╭─ Supplied records

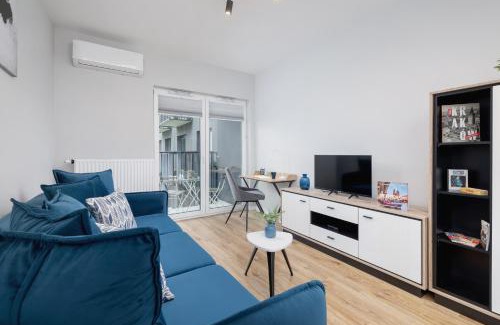 Podgorze Apartment | Kiełkowskiego Modern & Comfy Apartment with Balcony Cracow by Noclegi Renters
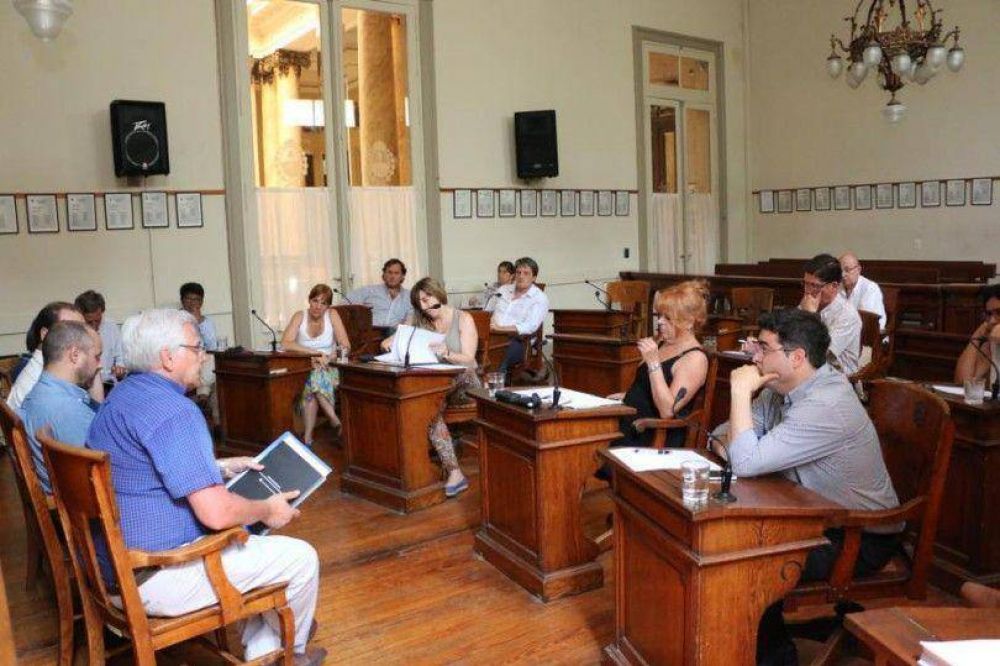El aumento y la nueva tasa de seguridad, los ejes del debate del Presupuesto 2016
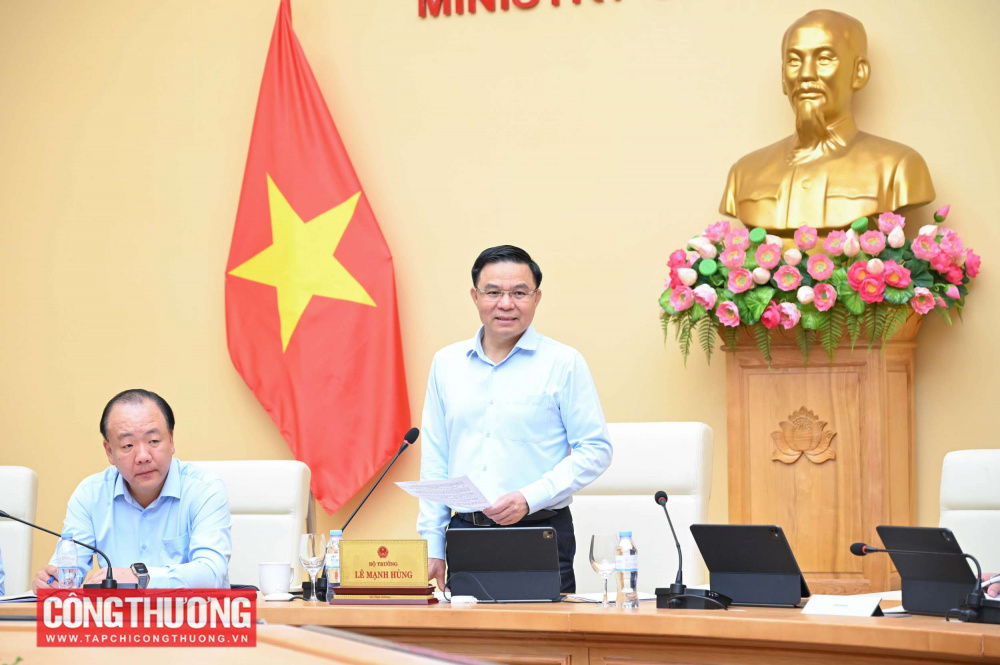 Bộ trưởng Bộ Công Thương Lê Mạnh Hùng đã có buổi làm việc với Cục Quản lý và Phát triển thị trường trong nước
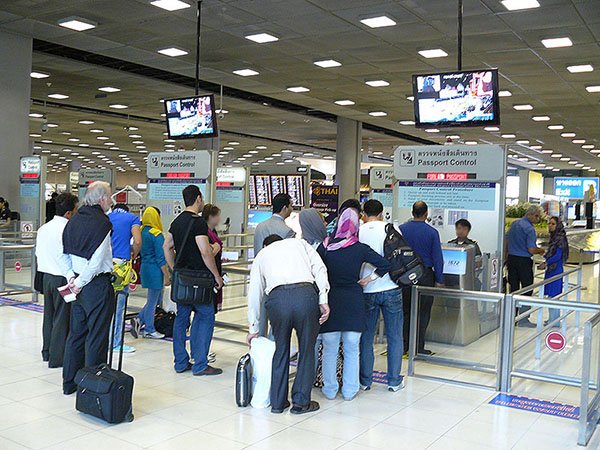 Signalisation numérique de transport à l'aéroport de Suvarnabhumi, Thaïlande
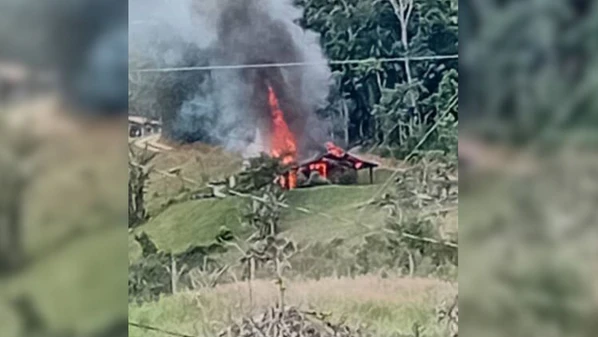 Imóvel fica localizado na região do Caravaggio. Apesar do susto, não houve registro de feridos.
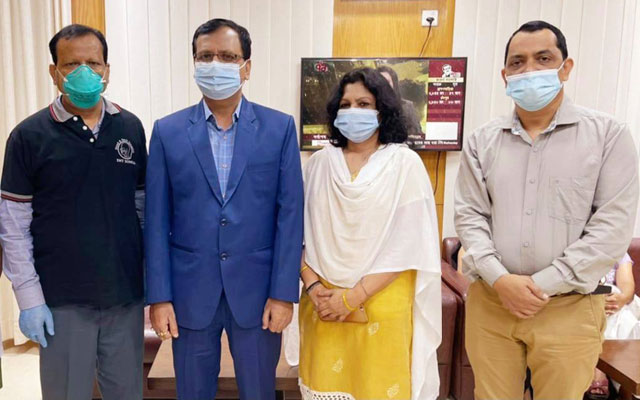 ওসমানী হাসপাতালে সপরিবারে ভ্যাক্সিন নিলেন ভারতীয় সহকারী হাইকমিশনার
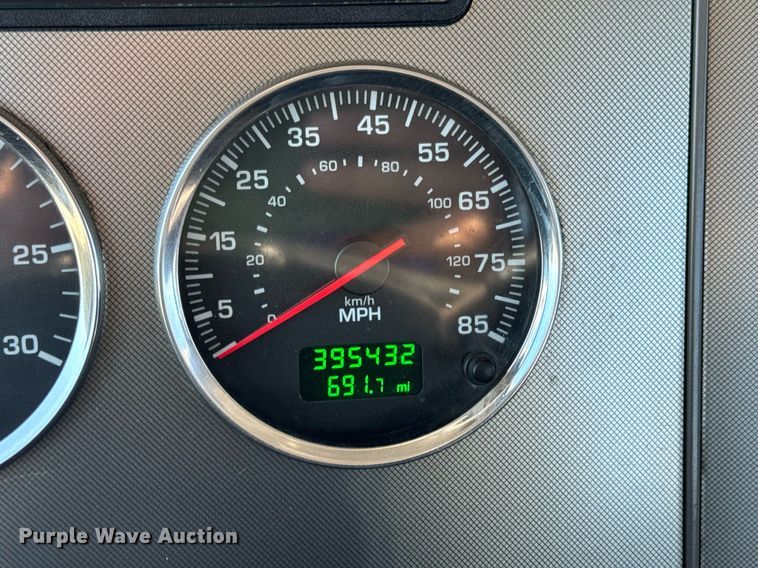 image for item DV1962 2016 Kenworth T370 semi truck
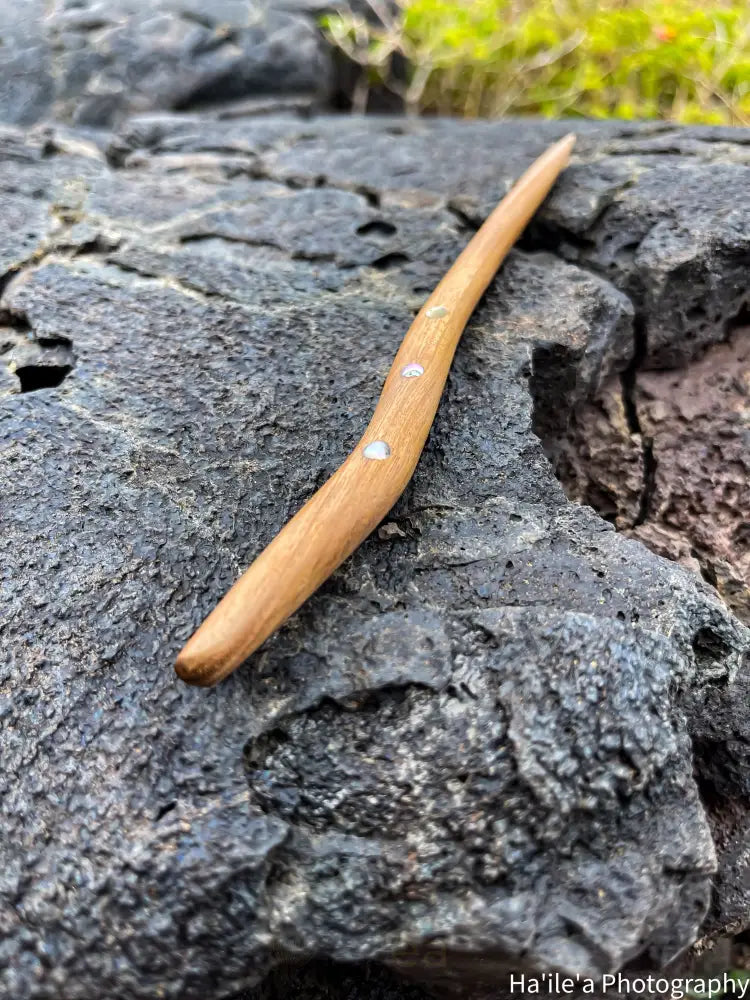 E OLA ANA - Paua Koaia Hair Stick - Noʻeau Designers
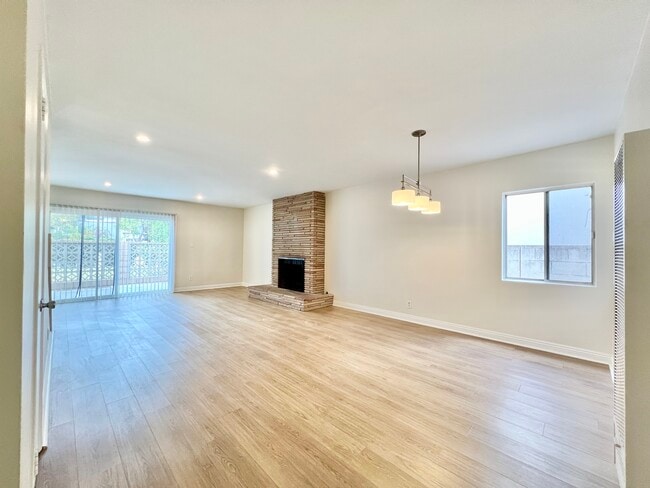 Photo - 1552 Berkeley St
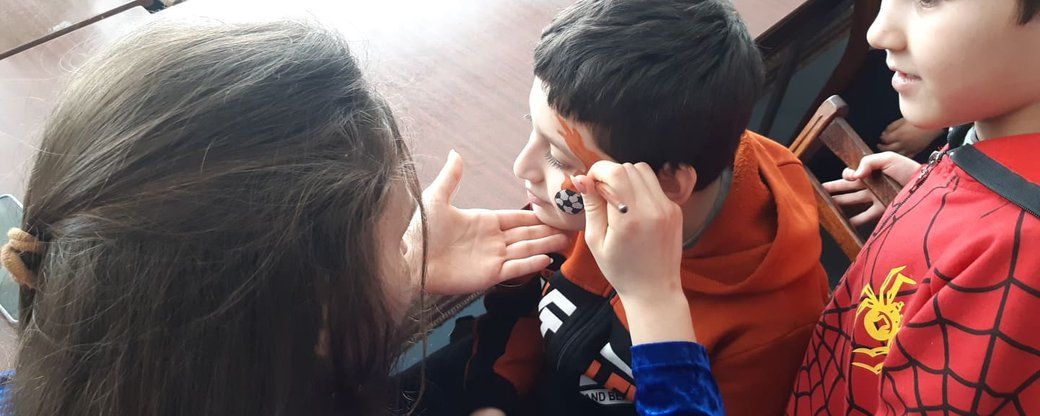 Новини Вінниці - фото з У Вінниці творчі майстерні влаштовують психологічний релакс для біженців з гарячих точок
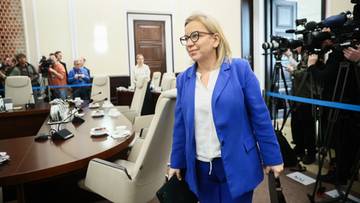 "Liczymy na dotrzymanie słowa". Opozycja złożyła wniosek o wotum nieufności wobec Hennig-Kloski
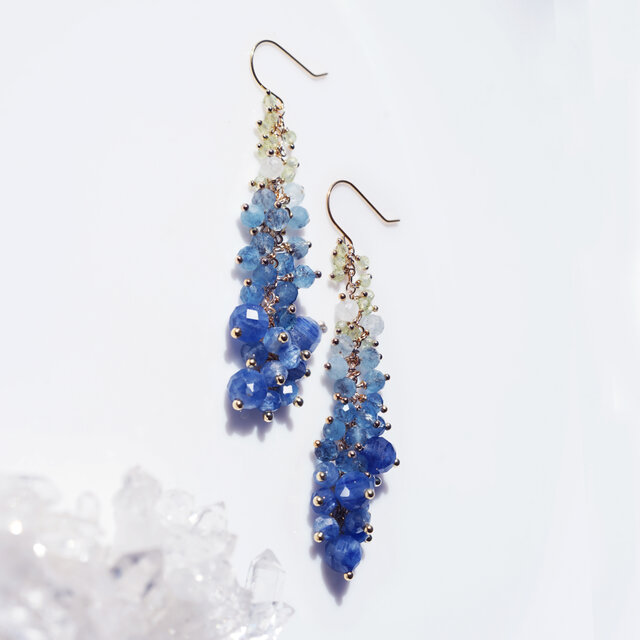 青の天然石によるデルフィニウムのピアス　～Delfina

╰─

What is required:
Leaving aside the images, write out every entry above exactly.

Solution to the problem:
 Podgorze Apartment | Kiełkowskiego Modern & Comfy Apartment with Balcony Cracow by Noclegi Renters
El aumento y la nueva tasa de seguridad, los ejes del debate del Presupuesto 2016
 Bộ trưởng Bộ Công Thương Lê Mạnh Hùng đã có buổi làm việc với Cục Quản lý và Phát triển thị trường trong nước
 Signalisation numérique de transport à l'aéroport de Suvarnabhumi, Thaïlande
 Imóvel fica localizado na região do Caravaggio. Apesar do susto, não houve registro de feridos.
 ওসমানী হাসপাতালে সপরিবারে ভ্যাক্সিন নিলেন ভারতীয় সহকারী হাইকমিশনার
 image for item DV1962 2016 Kenworth T370 semi truck
 E OLA ANA - Paua Koaia Hair Stick - Noʻeau Designers
 Photo - 1552 Berkeley St
 Новини Вінниці - фото з У Вінниці творчі майстерні влаштовують психологічний релакс для біженців з гарячих точок
 "Liczymy na dotrzymanie słowa". Opozycja złożyła wniosek o wotum nieufności wobec Hennig-Kloski
 青の天然石によるデルフィニウムのピアス　～Delfina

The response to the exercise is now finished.